Theorem 5. Computation of  $O_{out,l}$  is sound. More precisely,  $O_{out,l}$  predicted by the graph-tracking analysis always overapproximates the set of offsets with which a loop may be left.

*Proof.* We are sending  $s_l * n_c$  flow units through the graph. Each one of these units models an independent execution of the loop. Each of these modeled executions (say they are numbered with  $i \in \{1, ..., n_c * s_l\}$ ) will exit the loop with some offset  $o_{end,i}$ . The unknown set of all possible exit offsets is K. What we must show, is that  $K \subseteq \{o_{end,i} | i \in \{1, ..., n_c * s_l\}\}$ .

What we maximize in Equation 13 is the cardinality of the set of offsets with which the  $s_l*n_c$  flow units exit the loop.
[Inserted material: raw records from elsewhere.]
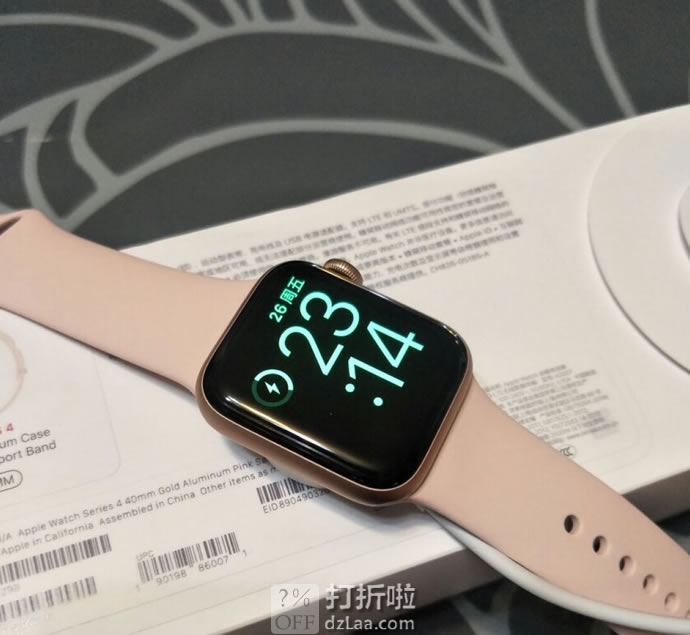 Apple Watch Series 4  苹果智能手表 蜂窝数据版 40mm 3488秒杀史低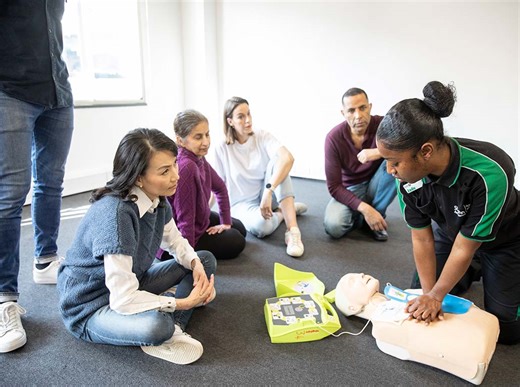 Save lives, protect staff Your guide to workplace defibrillators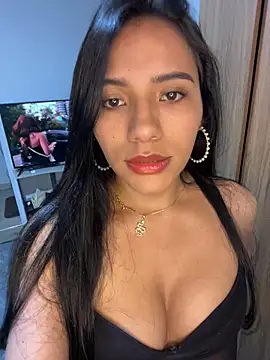 Caro Mildrey online show from 06-10-26, 02:34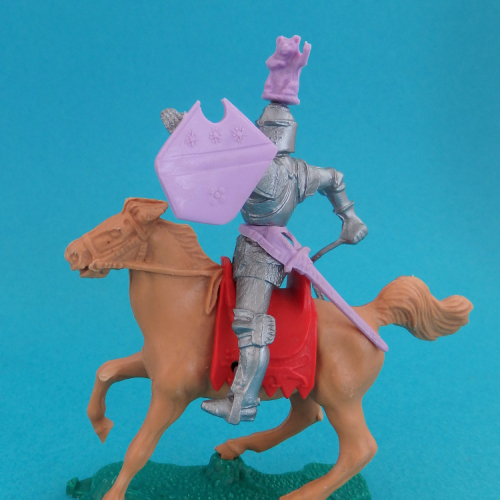 9. Chevalier avec fléau d'armes à cheval.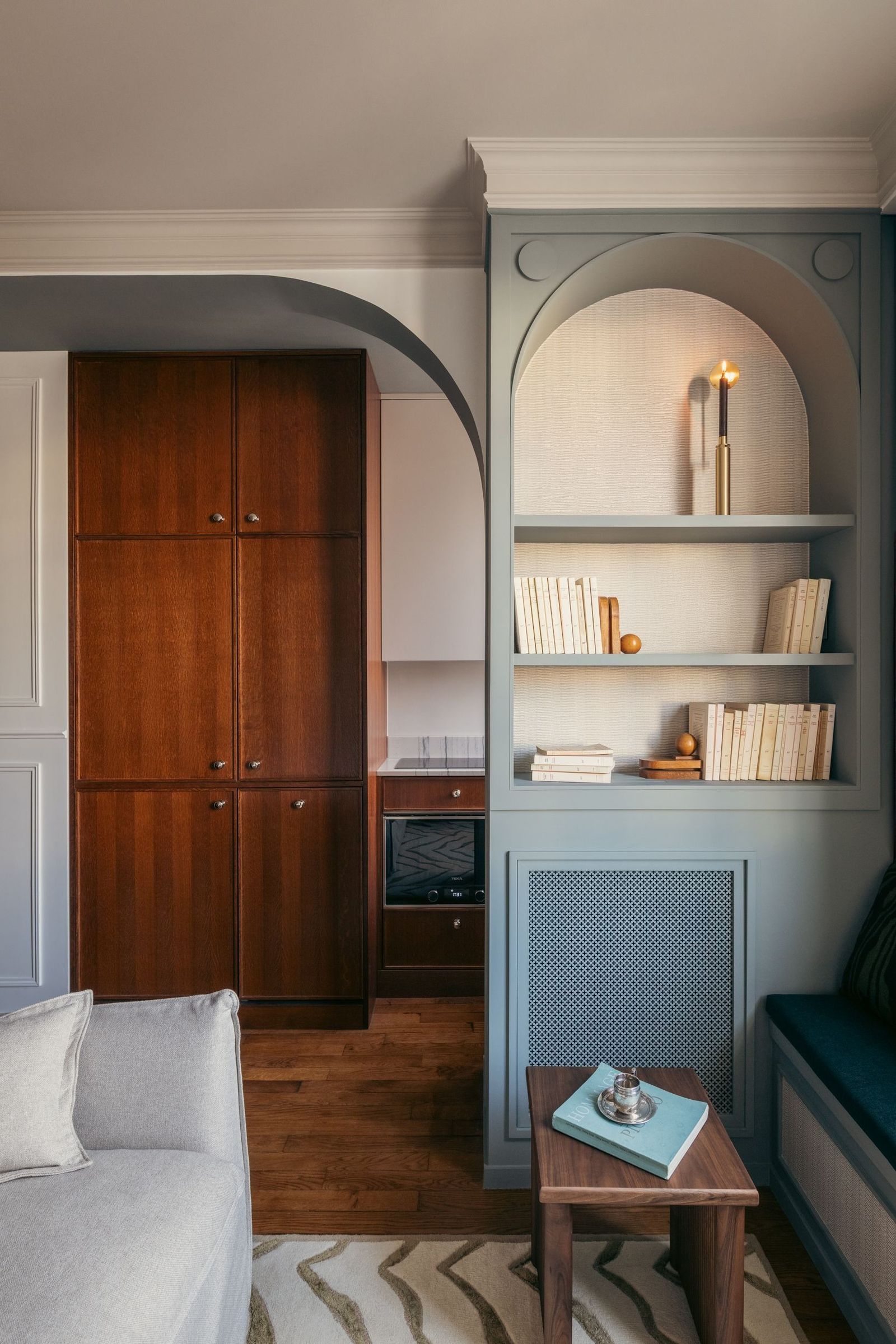 kleine Wohnung Paris Renovierung Durchgang Wohnbereich Küche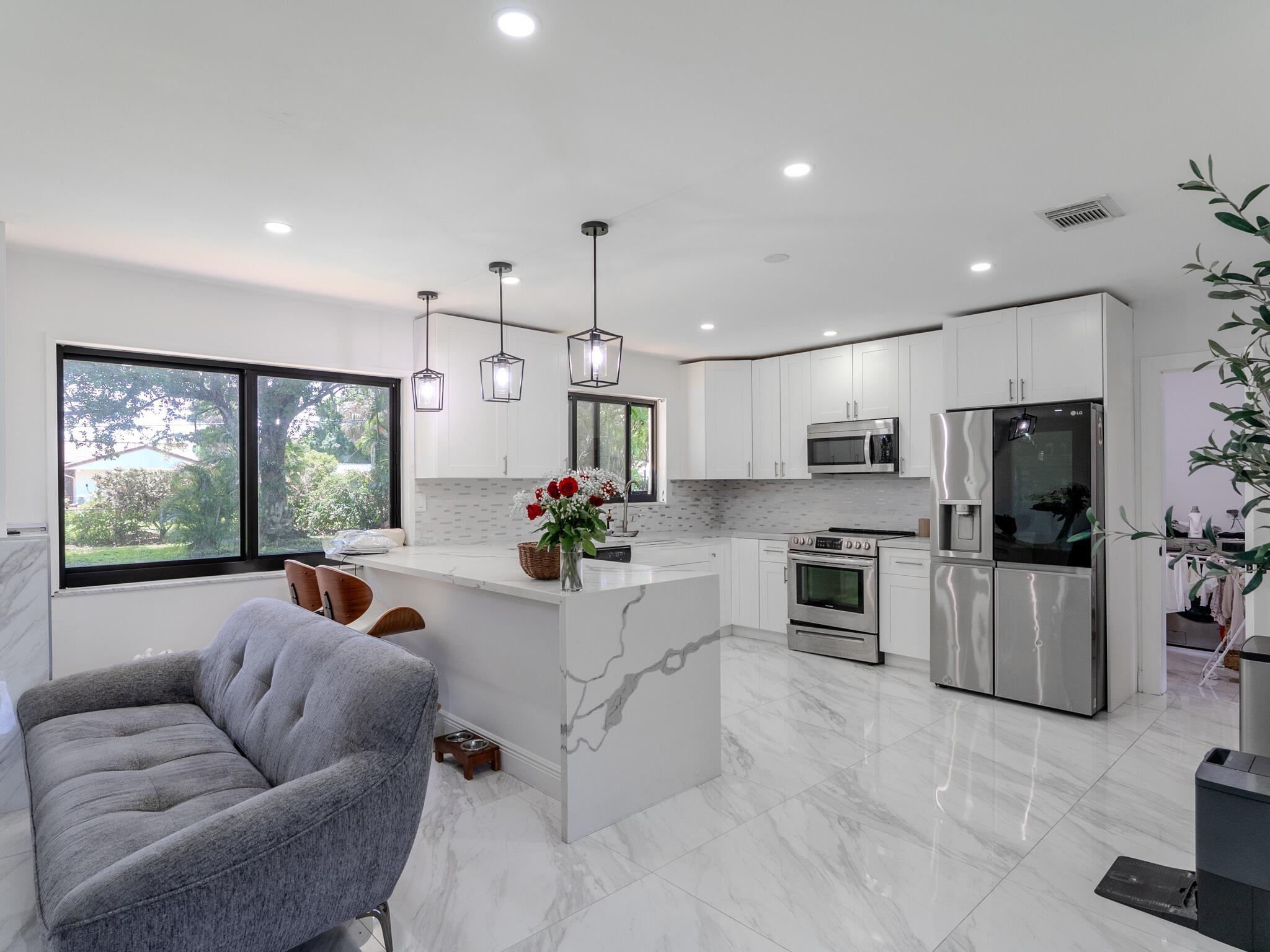 4190 Southwest 4th Street Plantation, FL 33317 - Photo 6 of 33 DSC03433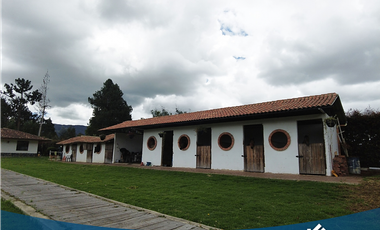 Exclusiva Finca Campestre con Pesebreras en Tenjo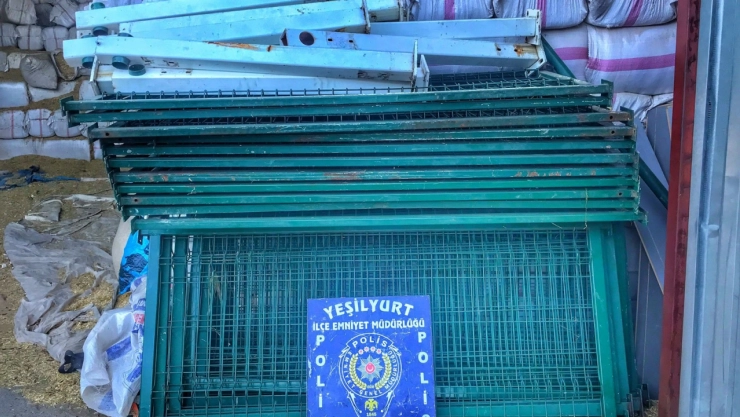 Malatya'da demir çit çalan 2 şüpheli yakalandı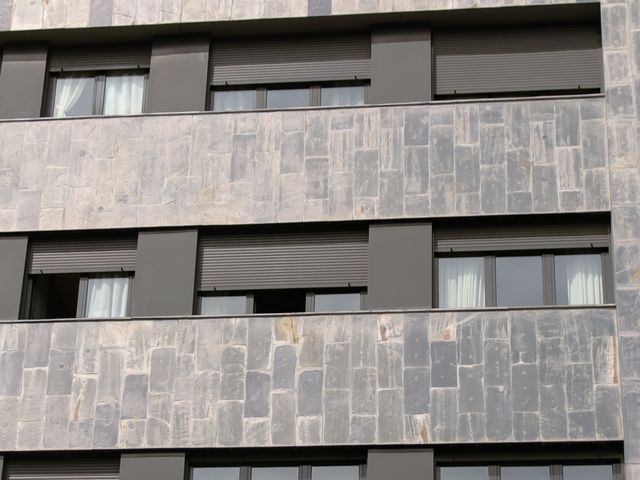 Due mesi all’inverno: guarnizioni, spazzolino sotto la porta e tre misure che funzionano davvero
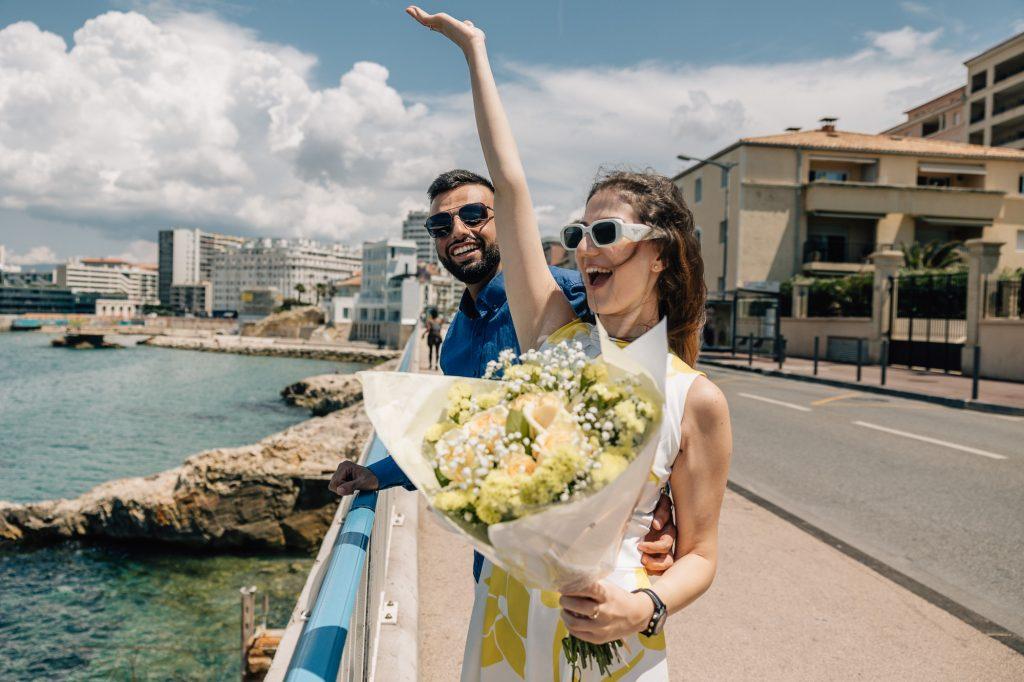 Demande en fiançailles surprise lors d'une séance photo de couple pendant un voyage à Marseille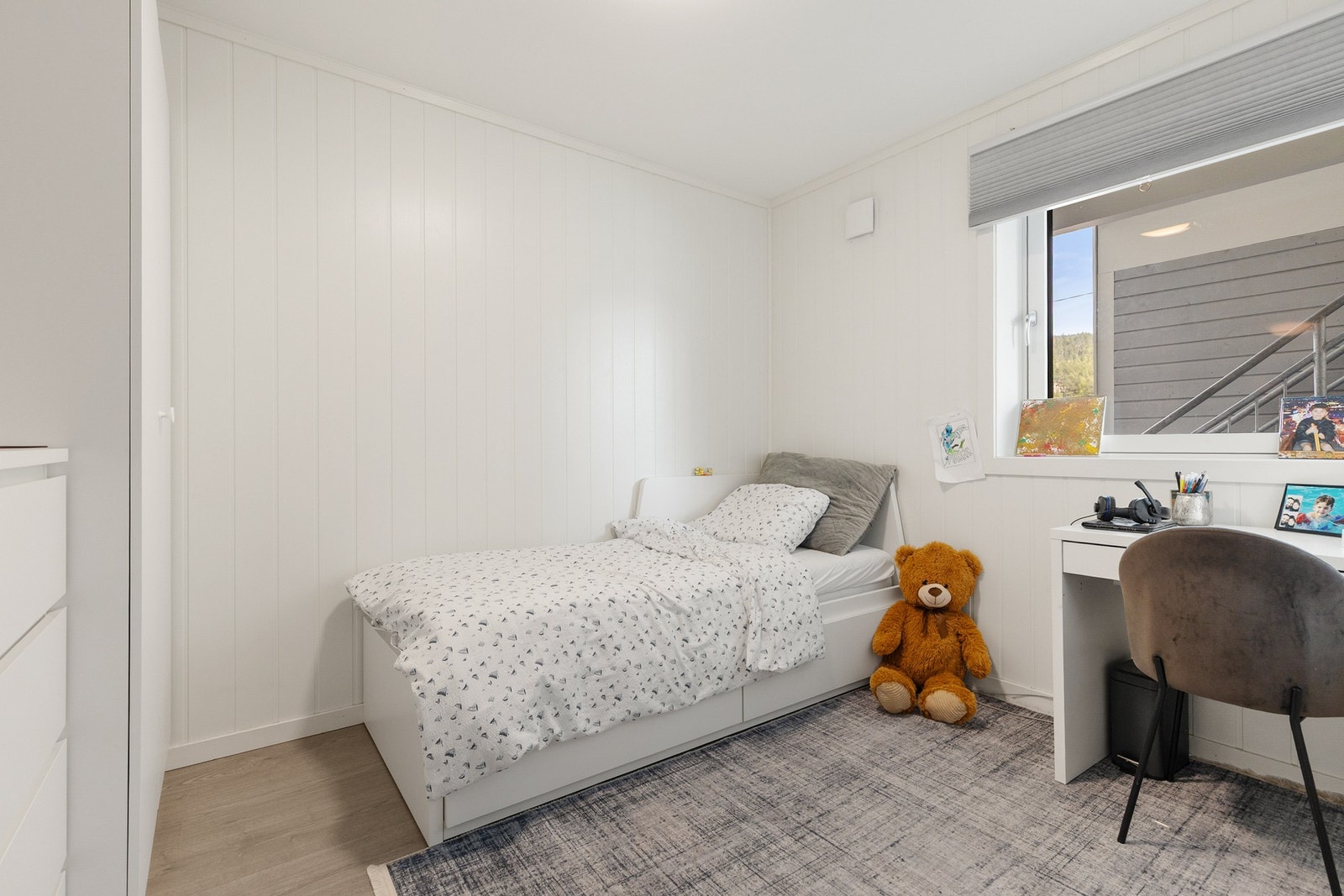 Soverom 2 har fin plass til seng og garderobeskap Galleribilde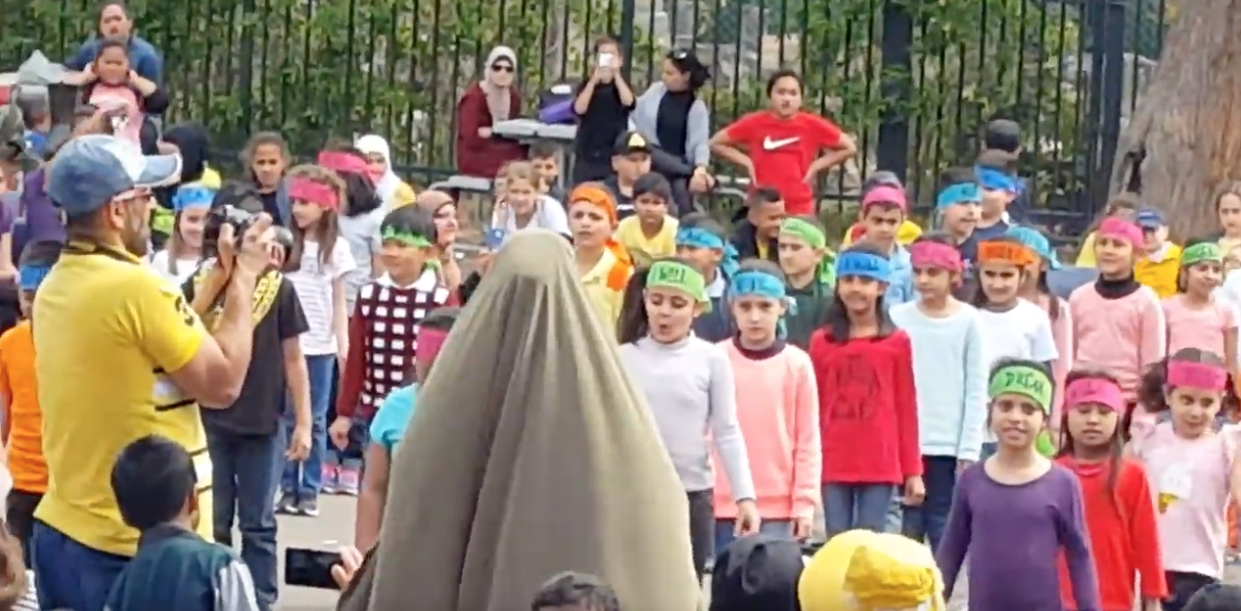 Young Islamic Students Threaten To Behead Teacher In Australia Featured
By Lemma 2 the reachable offsets in the flow graph are an overapproximation of the reachable offsets in the real loop execution for all iterations  $j \in \{1,...,B_l^{max}\}$ . Therefore, if the loop can be left in iteration  $k \in \{B_l^{min},...,B_l^{max}\}$  with offset  $o_{left}$  during a real loop execution, then there is the possibility to construct a flow with one flow unit i which starts at  $v^+$  at time 0 and takes the edge  $e = (v_{o_{left}}, v^-)$  at time step k, thus  $o_{end,i} = o_{left}$  for a given  $o_{left}$ .

Up to this point we have then shown, that for each exit offset  $o_{left} \in K$  we can construct a flow with one flow unit that exits the loop with this

offset. It is also possible that we get flows which end with offsets  $o_{err} \notin K$ , but that is no problem since we only require an overapproximation of the offsets. If we now assume that we compute a solution  $O_{out,l}$  with an offset  $k \in K$  and  $k \notin O_{out,l}$  then we can easily show that this is a contradiction:

- 1.  $|O_{out,l}| = s_l * n_c$ In this case the set  $O_{out,l}$  represents all possible offsets, therefore an offset  $k \notin O_{out,l}$  cannot exist.
- 2.  $|O_{out,l}| < s_l * n_c$  In this case there must be at least two flow units i and j with  $o_{end,i} = o_{end,j}$ , since we used  $F = n_c * s_l$  flow units in total. Since  $k \in K$  holds, there exists a valid flow f through the graph which exits the loop with offset k (as shown in paragraph 2). If we let one of the flow units, say i, follow that flow f instead of the flow which it followed in the original solution, then we get a new solution to the flow problem in which  $|O_{out,l}|$  is increased by 1, compared to the previous solution. Since the original solution to the flow problem must have been maximal with respect to  $|O_{out,l}|$ , this is a contradiction.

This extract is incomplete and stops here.